En témoignent nombre de paroles qui peuvent choquer pour devenir libératrices, à l’exemple de la recommandation faite par Jésus à un homme désireux de le suivre, évoquée dans Luc 9,60 et Mathieu 8,22 : Laisse les morts enterrer leurs morts, et toi, va-t’en annoncer le royaume de Dieu.
Paroles éclairantes
Le commentaire qu’en fait Lytta Basset est à cet égard édifiant.
Certes, on voit mal pourquoi l’urgence de suivre Jésus devrait nous empêcher d’honorer père et mère, mais ne peut-on y voir prioritairement, une question d’ouverture intérieure. Rester tournés vers la mort ou nous tourner vers la vie et les vivants qui appellent.
De même, l’autrice va s’attacher à commenter ce verset du psaume 139 « Je les hais d’une haine parfaite », passage si choquant que certaines Bibles préfèrent le mettent entre crochets.
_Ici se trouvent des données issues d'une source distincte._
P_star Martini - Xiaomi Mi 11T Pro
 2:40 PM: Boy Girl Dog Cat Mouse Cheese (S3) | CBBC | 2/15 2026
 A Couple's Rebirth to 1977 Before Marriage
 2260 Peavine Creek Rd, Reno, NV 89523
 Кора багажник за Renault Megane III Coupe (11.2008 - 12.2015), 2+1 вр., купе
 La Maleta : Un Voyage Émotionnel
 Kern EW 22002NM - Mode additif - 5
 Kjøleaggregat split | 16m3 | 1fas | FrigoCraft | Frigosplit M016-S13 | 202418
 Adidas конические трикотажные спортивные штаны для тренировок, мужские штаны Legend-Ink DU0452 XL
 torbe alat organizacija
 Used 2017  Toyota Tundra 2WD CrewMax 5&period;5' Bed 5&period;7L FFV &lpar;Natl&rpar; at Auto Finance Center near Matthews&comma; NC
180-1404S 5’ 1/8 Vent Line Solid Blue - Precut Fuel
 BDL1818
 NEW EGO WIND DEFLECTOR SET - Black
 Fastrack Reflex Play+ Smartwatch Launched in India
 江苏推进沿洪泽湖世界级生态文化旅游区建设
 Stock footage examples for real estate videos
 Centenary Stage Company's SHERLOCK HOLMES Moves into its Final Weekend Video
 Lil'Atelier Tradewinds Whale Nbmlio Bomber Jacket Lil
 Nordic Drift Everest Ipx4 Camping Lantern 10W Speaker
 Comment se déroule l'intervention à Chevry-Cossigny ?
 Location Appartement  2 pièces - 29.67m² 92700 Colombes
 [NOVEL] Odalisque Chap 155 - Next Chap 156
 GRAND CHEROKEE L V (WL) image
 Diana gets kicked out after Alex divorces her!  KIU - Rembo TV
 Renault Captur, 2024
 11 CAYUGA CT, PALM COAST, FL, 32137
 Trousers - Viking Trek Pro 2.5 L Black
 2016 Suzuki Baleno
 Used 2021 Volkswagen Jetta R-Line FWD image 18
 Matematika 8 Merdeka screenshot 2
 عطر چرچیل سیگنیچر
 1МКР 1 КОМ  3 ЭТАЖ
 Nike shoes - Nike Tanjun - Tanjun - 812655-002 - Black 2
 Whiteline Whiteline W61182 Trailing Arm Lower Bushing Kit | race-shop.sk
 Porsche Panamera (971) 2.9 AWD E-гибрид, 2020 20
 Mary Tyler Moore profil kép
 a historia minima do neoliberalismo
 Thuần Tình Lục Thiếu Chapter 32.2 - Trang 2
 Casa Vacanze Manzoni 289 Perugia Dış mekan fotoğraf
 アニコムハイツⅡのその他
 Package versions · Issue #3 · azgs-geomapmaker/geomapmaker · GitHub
Mais c’est dans versets suivants que Lytta Basset nous invite à méditer.
À l’instant où le priant, plutôt que s’enfermer à double tour dans sa haine, se tourne vers Autre que lui en exprimant son désir de se mettre tout entier dans la lumière. « Sonde-moi, Dieu, pénètre mon cœur ! Vois si la route de l’idole est en moi. Mène-moi sur la route de toujours ! » Du coup le priant entrevoit maintenant une autre route, la possibilité de sortir de la haine. Mène-moi sur la route de l’éternité, en direction de cette vie invincible, qui, il le pressent, va le libérer de l’enfer de la haine.
Ainsi, au gré des chapitres et des parties de l’Ancien ou du Nouveau Testament qui peuvent faire scandale, la théologienne va en faire jaillir le sens profond, adapté à chaque situation et en conférer l’actualité. D’antidotes à la peur comme à savoir discerner ce qui nous paralyse, sa parole de feu pourra s’avérer éclairante et constructrice. Une remarquable analyse du texte biblique qui trouve peut-être son point d’orgue dans son ultime chapitre sur la possibilité ou non d’être sauvé.
La porte est ouverte pour tous. Qui va la franchir ? Le repas est servi pour tous. Qui va y goûter ? Être sauvé, ce n’est donc pas seulement retrouver la santé ou la paix, l’harmonie ou les bonnes relations. La joie ou la richesse. C’est nous aventurer toujours plus loin que ce que nous pensions connaître de nous, des autres, du Tout autre. Là s’enracine notre liberté la plus indomptable. Tel est sans doute, le message essentiel de l’Évangile et en même temps le plus inaudible.